● ABOUT THIS EXERCISE: Your task is to retype all of the records below with complete accuracy.

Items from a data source
-- Opening Marker --

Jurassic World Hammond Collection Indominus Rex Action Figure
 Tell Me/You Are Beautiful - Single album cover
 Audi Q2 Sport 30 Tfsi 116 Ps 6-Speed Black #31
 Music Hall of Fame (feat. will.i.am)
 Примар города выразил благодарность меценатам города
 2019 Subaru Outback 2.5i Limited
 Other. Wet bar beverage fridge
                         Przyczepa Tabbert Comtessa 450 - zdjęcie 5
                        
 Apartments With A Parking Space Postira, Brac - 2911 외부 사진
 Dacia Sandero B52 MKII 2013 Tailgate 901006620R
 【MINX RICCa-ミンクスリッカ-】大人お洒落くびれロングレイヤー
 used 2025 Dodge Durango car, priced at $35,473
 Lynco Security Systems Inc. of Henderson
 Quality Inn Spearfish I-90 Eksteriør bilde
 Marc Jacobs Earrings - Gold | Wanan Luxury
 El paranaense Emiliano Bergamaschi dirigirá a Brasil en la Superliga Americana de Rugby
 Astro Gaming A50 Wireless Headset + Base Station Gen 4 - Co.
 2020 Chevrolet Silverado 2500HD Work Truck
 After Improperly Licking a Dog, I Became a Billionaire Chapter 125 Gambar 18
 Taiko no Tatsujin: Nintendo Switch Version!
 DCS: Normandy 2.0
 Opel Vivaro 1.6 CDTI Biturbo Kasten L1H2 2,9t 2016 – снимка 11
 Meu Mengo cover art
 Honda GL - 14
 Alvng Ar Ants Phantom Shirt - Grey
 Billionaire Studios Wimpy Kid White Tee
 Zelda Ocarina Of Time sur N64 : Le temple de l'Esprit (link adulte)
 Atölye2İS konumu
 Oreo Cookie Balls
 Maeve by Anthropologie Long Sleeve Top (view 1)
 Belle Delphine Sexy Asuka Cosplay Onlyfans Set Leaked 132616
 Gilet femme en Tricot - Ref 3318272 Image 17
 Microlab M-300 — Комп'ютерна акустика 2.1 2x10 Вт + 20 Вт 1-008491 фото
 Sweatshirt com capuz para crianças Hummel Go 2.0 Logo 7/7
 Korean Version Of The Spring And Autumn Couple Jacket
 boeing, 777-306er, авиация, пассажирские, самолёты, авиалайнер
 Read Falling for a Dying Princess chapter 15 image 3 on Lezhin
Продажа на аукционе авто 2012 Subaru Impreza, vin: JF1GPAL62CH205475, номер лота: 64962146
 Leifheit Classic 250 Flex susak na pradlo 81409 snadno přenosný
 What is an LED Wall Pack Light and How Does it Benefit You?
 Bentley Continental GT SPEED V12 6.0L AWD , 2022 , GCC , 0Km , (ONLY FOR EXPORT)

-- Closing Marker --

● YOUR SOLUTION:
Jurassic World Hammond Collection Indominus Rex Action Figure
 Tell Me/You Are Beautiful - Single album cover
 Audi Q2 Sport 30 Tfsi 116 Ps 6-Speed Black #31
 Music Hall of Fame (feat. will.i.am)
 Примар города выразил благодарность меценатам города
 2019 Subaru Outback 2.5i Limited
 Other. Wet bar beverage fridge
                         Przyczepa Tabbert Comtessa 450 - zdjęcie 5
                        
 Apartments With A Parking Space Postira, Brac - 2911 외부 사진
 Dacia Sandero B52 MKII 2013 Tailgate 901006620R
 【MINX RICCa-ミンクスリッカ-】大人お洒落くびれロングレイヤー
 used 2025 Dodge Durango car, priced at $35,473
 Lynco Security Systems Inc. of Henderson
 Quality Inn Spearfish I-90 Eksteriør bilde
 Marc Jacobs Earrings - Gold | Wanan Luxury
 El paranaense Emiliano Bergamaschi dirigirá a Brasil en la Superliga Americana de Rugby
 Astro Gaming A50 Wireless Headset + Base Station Gen 4 - Co.
 2020 Chevrolet Silverado 2500HD Work Truck
 After Improperly Licking a Dog, I Became a Billionaire Chapter 125 Gambar 18
 Taiko no Tatsujin: Nintendo Switch Version!
 DCS: Normandy 2.0
 Opel Vivaro 1.6 CDTI Biturbo Kasten L1H2 2,9t 2016 – снимка 11
 Meu Mengo cover art
 Honda GL - 14
 Alvng Ar Ants Phantom Shirt - Grey
 Billionaire Studios Wimpy Kid White Tee
 Zelda Ocarina Of Time sur N64 : Le temple de l'Esprit (link adulte)
 Atölye2İS konumu
 Oreo Cookie Balls
 Maeve by Anthropologie Long Sleeve Top (view 1)
 Belle Delphine Sexy Asuka Cosplay Onlyfans Set Leaked 132616
 Gilet femme en Tricot - Ref 3318272 Image 17
 Microlab M-300 — Комп'ютерна акустика 2.1 2x10 Вт + 20 Вт 1-008491 фото
 Sweatshirt com capuz para crianças Hummel Go 2.0 Logo 7/7
 Korean Version Of The Spring And Autumn Couple Jacket
 boeing, 777-306er, авиация, пассажирские, самолёты, авиалайнер
 Read Falling for a Dying Princess chapter 15 image 3 on Lezhin
Продажа на аукционе авто 2012 Subaru Impreza, vin: JF1GPAL62CH205475, номер лота: 64962146
 Leifheit Classic 250 Flex susak na pradlo 81409 snadno přenosný
 What is an LED Wall Pack Light and How Does it Benefit You?
 Bentley Continental GT SPEED V12 6.0L AWD , 2022 , GCC , 0Km , (ONLY FOR EXPORT)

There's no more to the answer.